Anadolu Ajansı (AA) Editör Masası'na konuk olan Kurtulmuş, gündemi değerlendirdi, soruları cevapladı.

Yeni anayasa ve başkanlık sistemi modelinin ayrıntılarına ilişkin bir soru üzerine Kurtulmuş, geçtiğimiz cumartesi günü anayasayla ilgili çok uzun bir toplantı yaptıklarını, ana çerçevenin belli olduğunu ancak kesinleşmeden kamuoyuyla paylaşmayı siyaseten doğru bulmadıklarını bildirdi.

Anayasa meselesinin bir "fantazi" olmadığının altını çizen Kurtulmuş, Türkiye'nin demokratikleşmesi, devlet-millet bütünleşmesinin sağlanması, bütün eksik ve gediklerin giderilmesi için yeni bir anayasanın, bir ekmek, su gibi zaruri olduğunu belirtti.

Parlamentodaki partilerin hemen hemen hepsinin, yeni anayasa meselesinde millete söz verdiğini hatırlatan Kurtulmuş, sözlerini şöyle sürdürdü:

"Biz burada da samimiyetimizi ortaya koyduk. Anayasa Uzlaşma Komisyonunda 3 kişiyle temsil ediliyor olmayı kabul ettik. Kendi tabanımızdan da çok büyük tepkiler gelmesine rağmen... 'Bizim bu kadar oyumuz, 317 milletvekilimiz var, niye biz 40 milletvekili olan bir partiyle aynı sayıda adam veriyoruz' diye eleştiriler de almadık değil. Ama sonuçta olsun, bu bizim iyi niyetimizin, uzlaşı aramakta olduğumuzun göstergesiydi. Ama ilanihaye bekleyemeyiz. Usulen anayasa değişsin diye değil, gerçekten anayasanın felsefesini, ruhunu, anayasanın öngördüğü antidemokratik sistemi değiştirecek bir anayasayı yaparız, yapıyoruz. Bu anayasayı milletimizle paylaşıp, parlamentoya sunarız. Anayasada biliyorsunuz partilerin grup kararı olmuyor. Anayasa için 367'yi bulabileceğimizi, bulamazsak 330'u bulabileceğimizi ümit ediyorum."

- "Diğer partilerden de oy geleceğini tahmin ediyoruz"

Bunun Türkiye'nin geleceğiyle ilgili bir adım olduğunu vurgulayan Kurtulmuş, diğer partilerden de demokratik, katılımcı, sivil bir anayasaya rahatlıkla oy geleceğini tahmin ettiklerini söyledi.

Mühim olanın hem parlamentoda hem toplumun genelinde hem sivil toplumda, üniversitelerde, araştırma merkezlerinde bu yeni anayasa talebinin dalga dalga yayılması olduğunun altını çizen Kurtulmuş, "Hep şunu söylüyoruz, 'Gelin eteklerinizdeki taşları dökün, kimin sepetinde ne pamuk varsa ortaya koysun.
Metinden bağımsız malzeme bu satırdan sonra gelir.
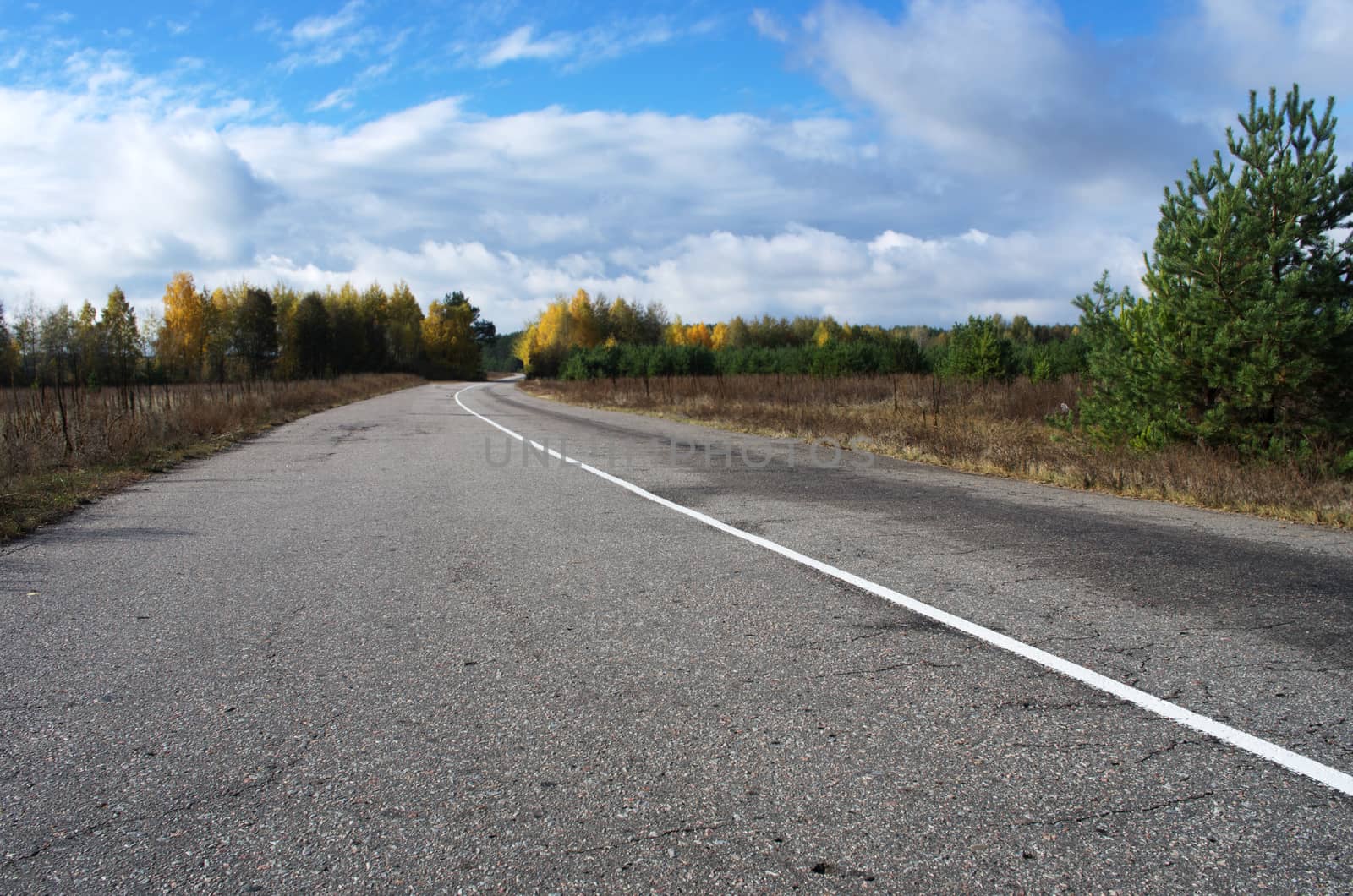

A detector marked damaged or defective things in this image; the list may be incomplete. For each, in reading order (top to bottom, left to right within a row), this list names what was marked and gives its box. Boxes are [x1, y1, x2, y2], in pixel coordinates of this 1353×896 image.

Kim, hangi yapısal değişikliği öngörüyorsa burada gündeme getirsin.' CHP de, MHP de, HDP de itiraz ediyor. Gelin neye, ne şekilde itiraz ediyorsanız, kendinizce doğrusunu koyun. Beraber oturalım, tartışalım. Belli bir yerde uzlaşalım. Hepimizin ortak bir anayasası olsun." şeklinde konuştu.
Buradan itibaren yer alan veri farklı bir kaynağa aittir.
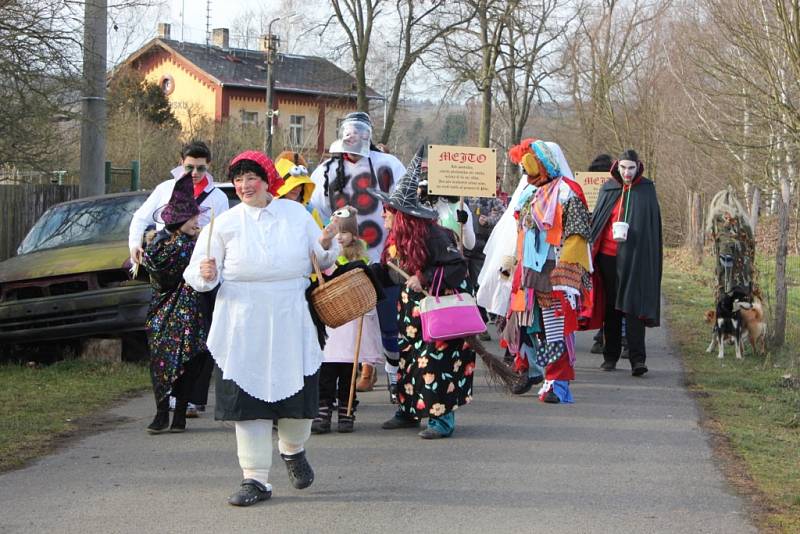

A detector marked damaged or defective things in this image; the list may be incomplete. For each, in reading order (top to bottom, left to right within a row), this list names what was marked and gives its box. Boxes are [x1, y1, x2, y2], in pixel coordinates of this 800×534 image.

rusty car hood [0, 242, 126, 284]
old damaged car [0, 193, 152, 356]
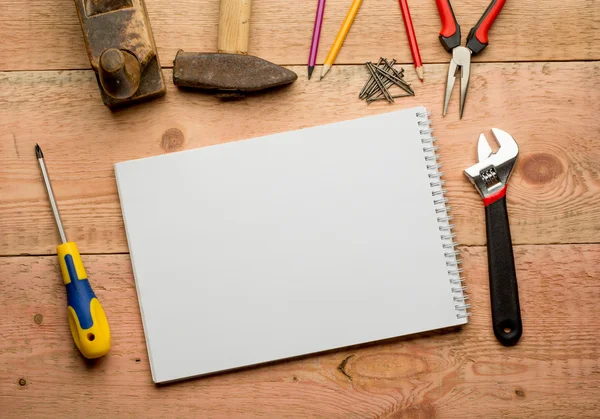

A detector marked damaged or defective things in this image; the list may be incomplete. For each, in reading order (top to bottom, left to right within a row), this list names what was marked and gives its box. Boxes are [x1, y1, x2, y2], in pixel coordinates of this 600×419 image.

rusty tool [74, 0, 165, 107]
rusty tool [172, 0, 296, 95]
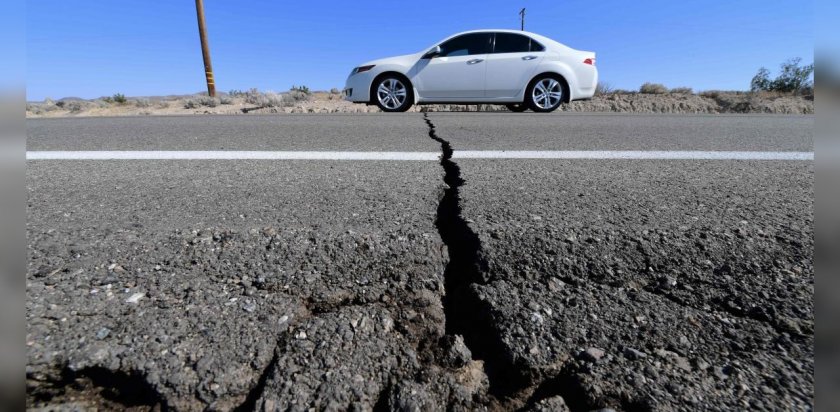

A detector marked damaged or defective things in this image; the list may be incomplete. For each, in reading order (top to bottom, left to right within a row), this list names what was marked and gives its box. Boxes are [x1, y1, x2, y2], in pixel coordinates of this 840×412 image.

cracked asphalt [27, 113, 812, 412]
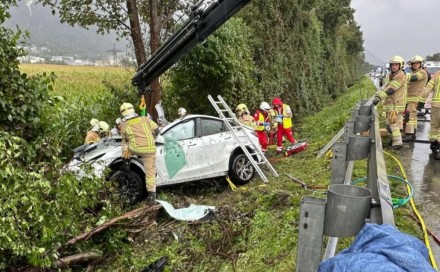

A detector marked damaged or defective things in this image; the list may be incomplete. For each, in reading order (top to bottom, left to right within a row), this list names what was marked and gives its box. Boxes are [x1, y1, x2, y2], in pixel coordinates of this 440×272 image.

crashed white car [66, 113, 262, 205]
Kurtulmuş, şu ifadeleri kullandı:

"Yok 'Biz, size anayasa yaptırmayız' diyorsanız. Ya da birilerinin düşündüğü gibi 'Anayasa yapmak sivillerin işi değildir, anayasa yapmak için paletlerin ya da askerin silahlarının şakırtılarını duymamız lazım' diyorsanız, o devir geride kaldı. Köprünün altından çok sular aktı. Artık Türkiye, anayasalarını sivil iradeyle yapabilecek demokratik olgunluğa ulaştı. Bazı partilerde, insanlarda, 'anayasa' deyince aklına asker, 60 darbesi, 80 darbesi, muhtıralar geliyor. Generaller emredecek, 3 kişi bir salona girecek, orada bir anayasa yazacaklar diye geliyor. Artık anayasa yazma devri geride kalmıştır, anayasa yapma dönemindeyiz. Anayasa yapmak, milletin isteklerini, taleplerini milletin temsilcileri vasıtasıyla bir metin haline dönüştürülmesidir. Yoksa bir metnin, millete zorla empoze edilmesi değildir. Türkiye'nin bu noktaya geldiğine inanıyoruz ve inşallah sonuç alacağız."

- "20 Mart ilanı muazzam sonuç ortaya çıkardı"

Türkiye-AB mutabakatı temelinde gerçekleşen sığınmacı geri kabulü ve değişimi çerçevesinde başlayan kabullere ilişkin soru üzerine ise Kurtulmuş, "Şu anda 25 güvenlik görevlimiz, o adalarda incelemelerde bulunuyor. Bunun karşılığında 5 Yunan emniyet görevlisi, Dikili'de incelemelerde bulunuyor. Süreç 4 Nisan'da başladı. İlk adımları oldukça başarılı, planlandığı şekilde gitti." dedi.

Yunan adalarından Türkiye'ye ne kadar kişi gelirse aynı sayıda kişinin Avrupa'ya gönderileceğini belirten Kurtulmuş, böylece AB ile varılan mutabakat çerçevesinde, birebir karşılığında, 76 bin Suriyelinin Avrupa'ya gönderileceği konusunda karara varıldığını kaydetti.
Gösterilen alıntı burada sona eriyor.